# To do:
Print word for word whatever lies between the first line of the material and the line holding "A 19TH CENTURY", both included, and omit all pictures.

# Source material:
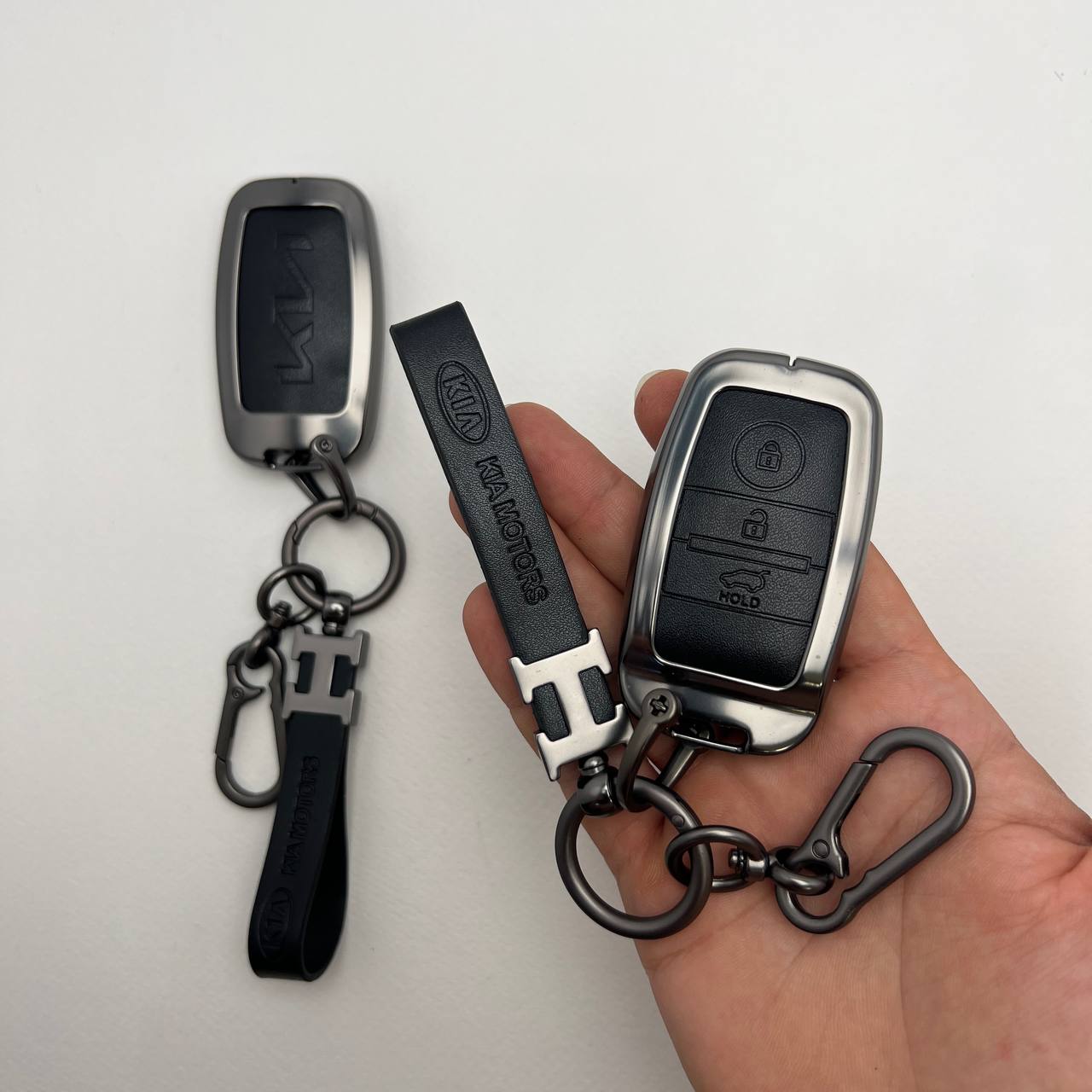 photo_13_2025-04-07_14-47-59 کاور ریموت کیا کیلس اپتیما - اسپرتیج - کادنزا - سورنتو دور فلزی وسط چرم - Image 1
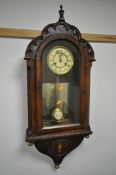 A 19TH CENTURY CONTINENTAL WALNUT WALL CLOCK, having a domed top and door, enclosing a dial with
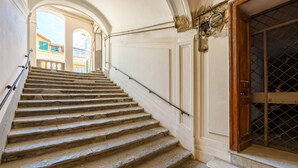 A stone staircase leading to a door with a metal grille, flanked by white walls and arches. - Palazzo Maddaloni Sweet Home By Napoliapartments (Naples)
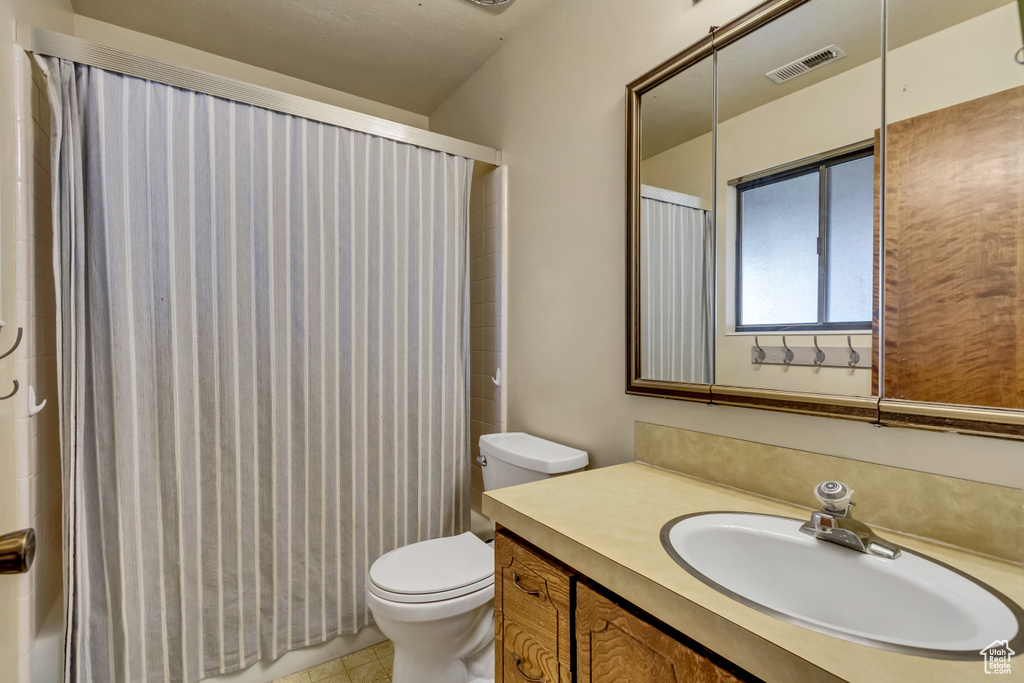 Bathroom featuring vanity, toilet, walk in shower, and tile patterned floors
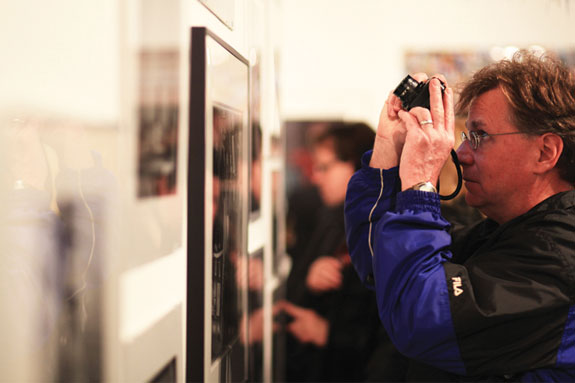 Man taking picture of artworks in the gallery
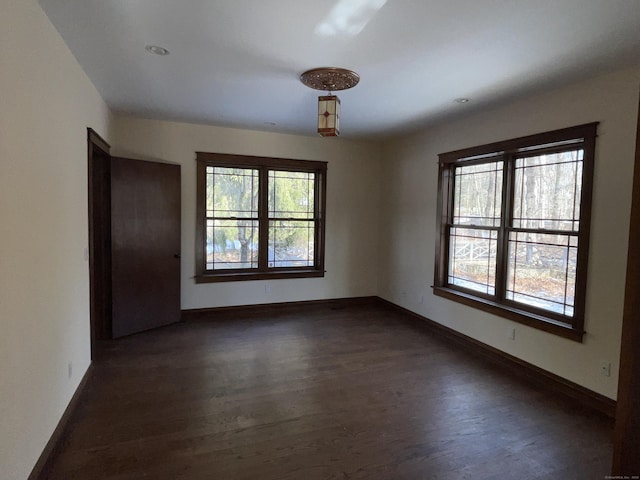 spare room with dark wood-type flooring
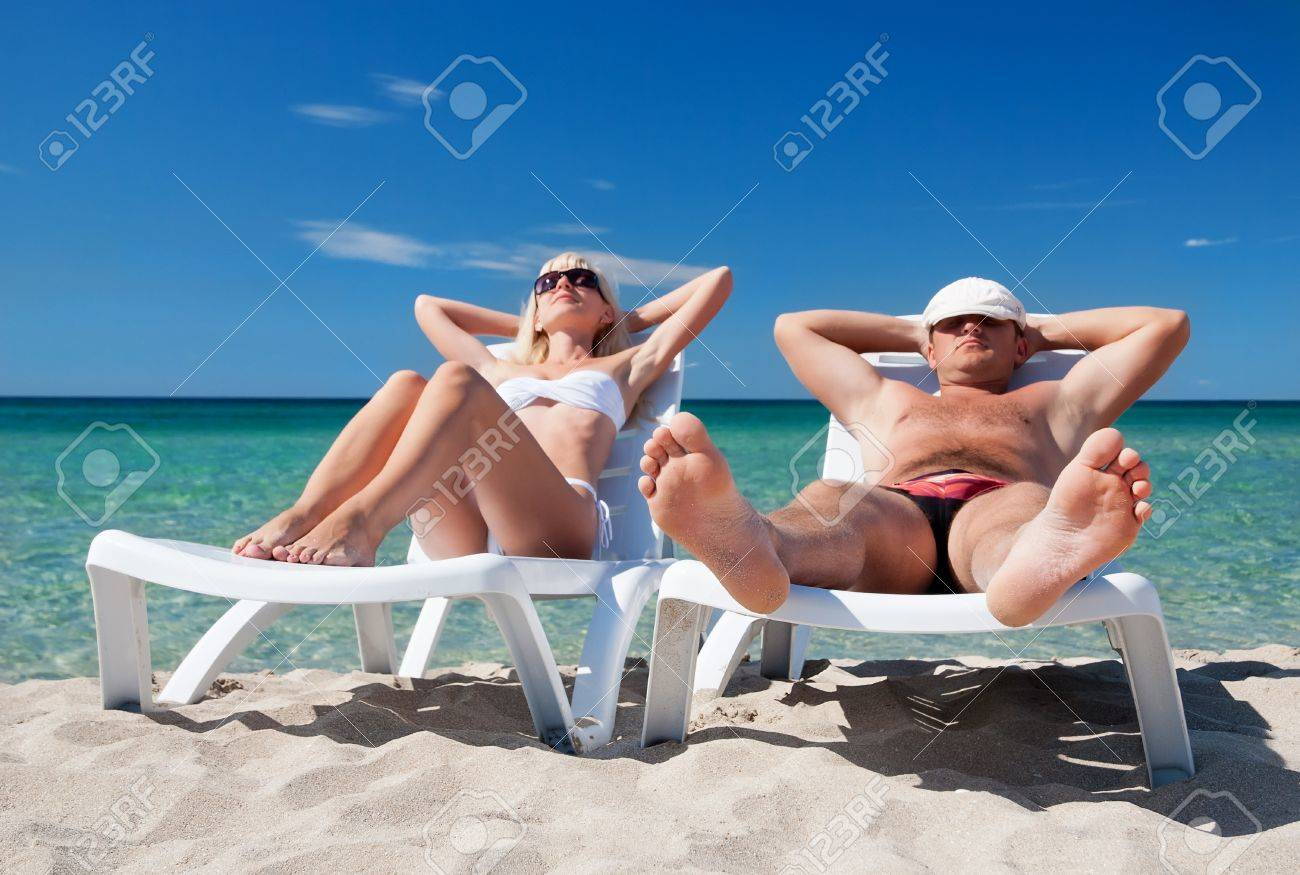 若いカップルが海のビーチでビーチ ベッドで日光浴します の写真素材 画像素材 Image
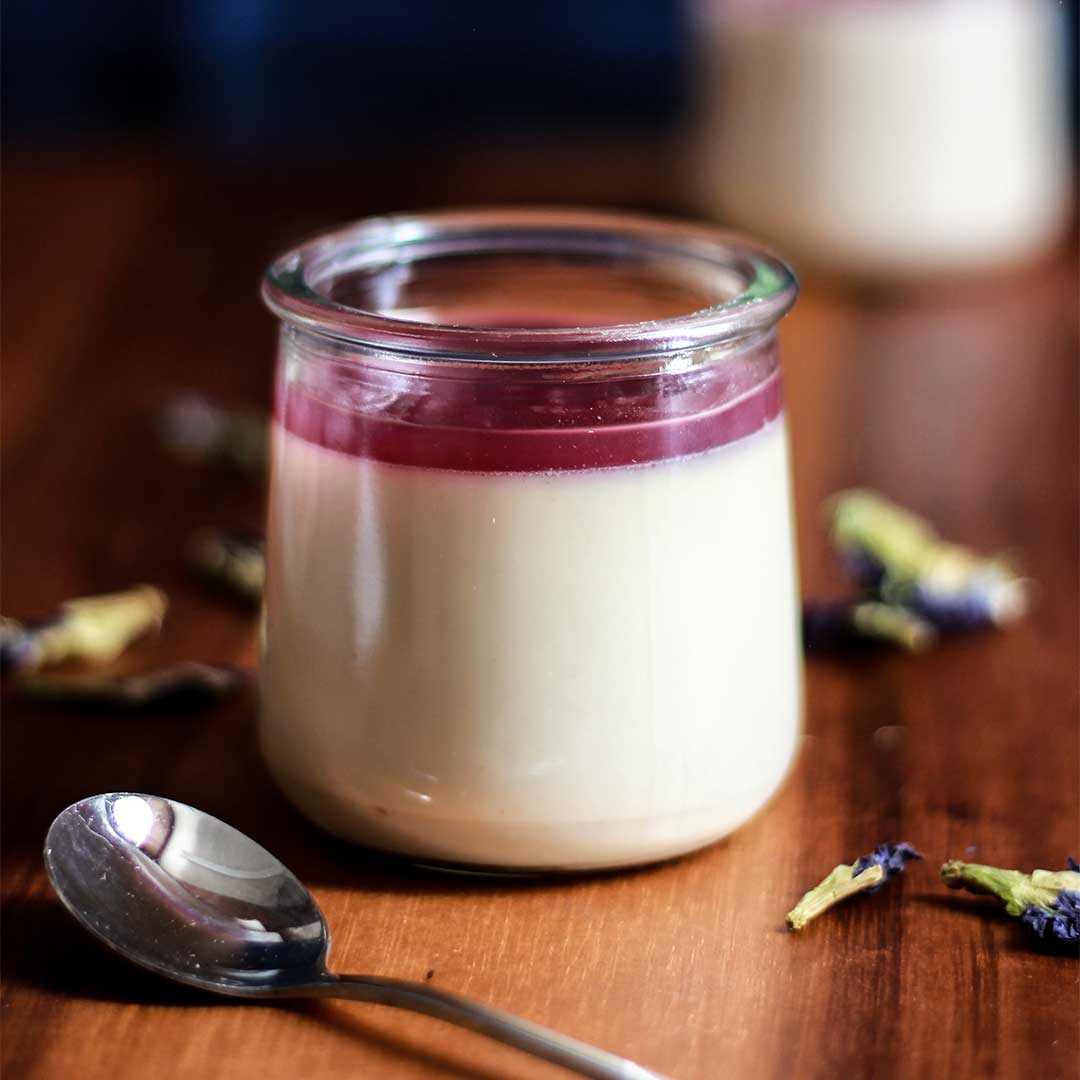 Butterfly Pea Flower Panna Cotta on a table with flower petals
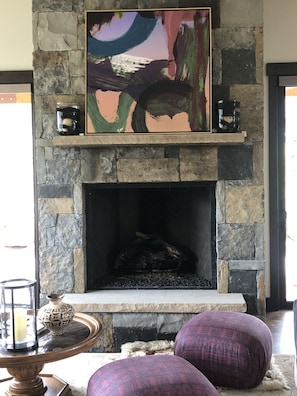 Large, double-sided stone fireplace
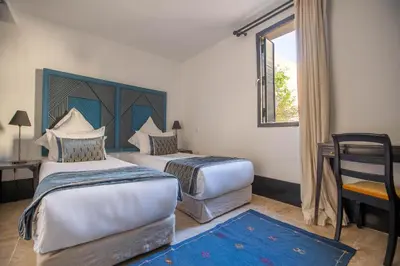 a hotel room with two beds and a window at Riad & Spa Azzouz in Marrakech
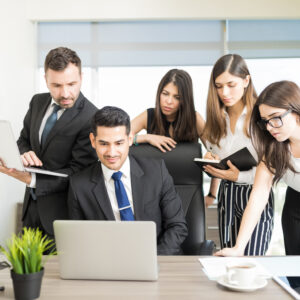 powerful office workers watching presentation laptop desk office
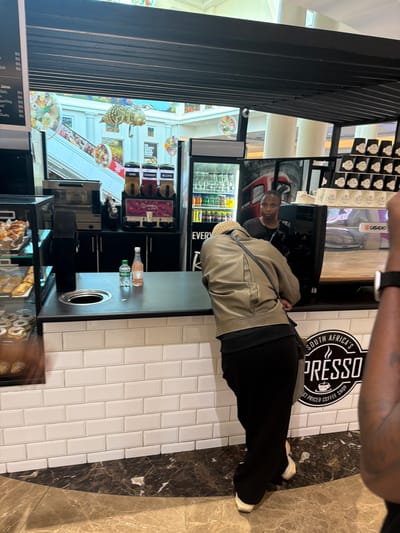 The photo shows an indoor scene, likely a coffee shop franchise in a mall, with customers at the counter. One customer, wearing a khaki jacket and black pants, is interacting with the shop employee standing behind the counter. The coffee shop is identified by the "SOUTH AFRICA'S PRESSO" logo on the wall. The menu is displayed, including a list of prices for juices and slushies. The image also contains a clear depiction of the interior decor, showing a detailed view of the surroundings. The location is not explicitly mentioned in the image itself, however the OCR mentions the location as Milnerton, South Africa.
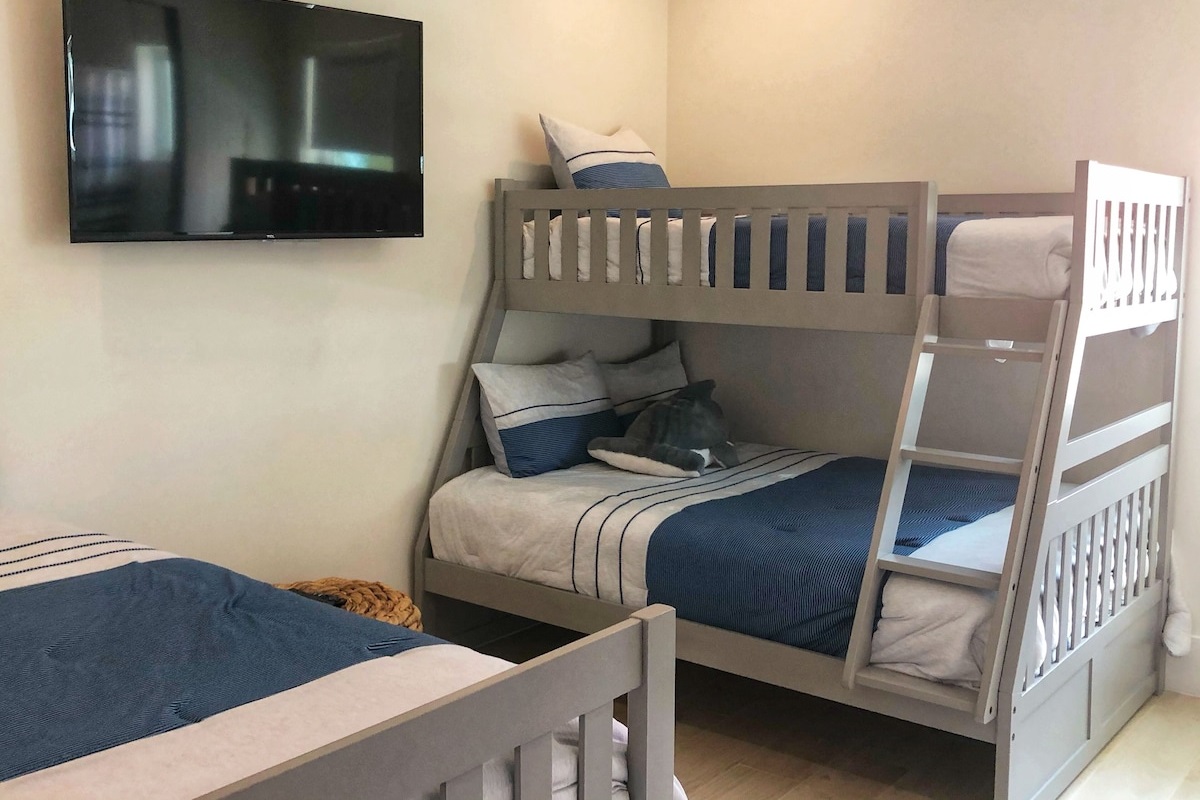Full Bed and 3 Singles, With Attached Bath With Tub/Shower Combination and T.V. 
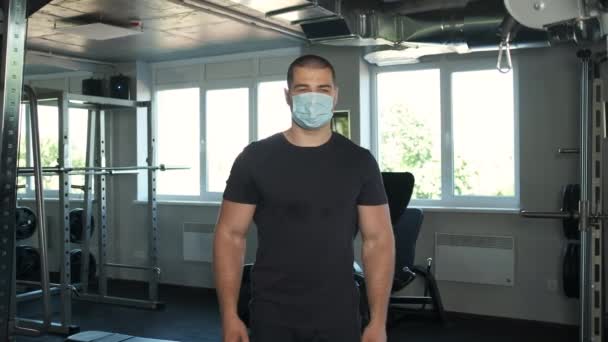 Porträtt av en atletisk kille med stora biceps som passar i gymmet till kameran och sätter händerna upp — Stockvideo
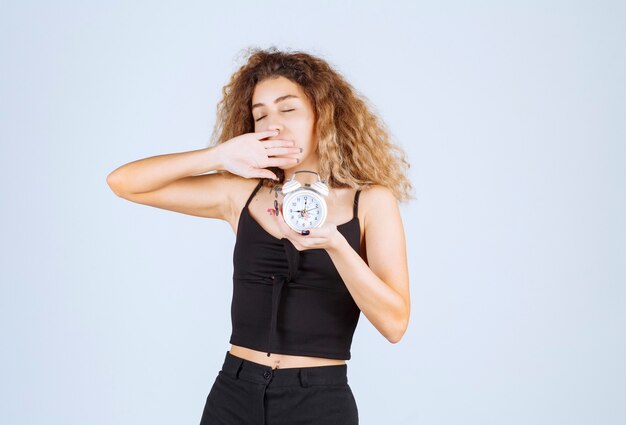 Blondie girl with an alarm clock looks sleepy.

# Result:
 photo_13_2025-04-07_14-47-59 کاور ریموت کیا کیلس اپتیما - اسپرتیج - کادنزا - سورنتو دور فلزی وسط چرم - Image 1
 A 19TH CENTURY CONTINENTAL WALNUT WALL CLOCK, having a domed top and door, enclosing a dial with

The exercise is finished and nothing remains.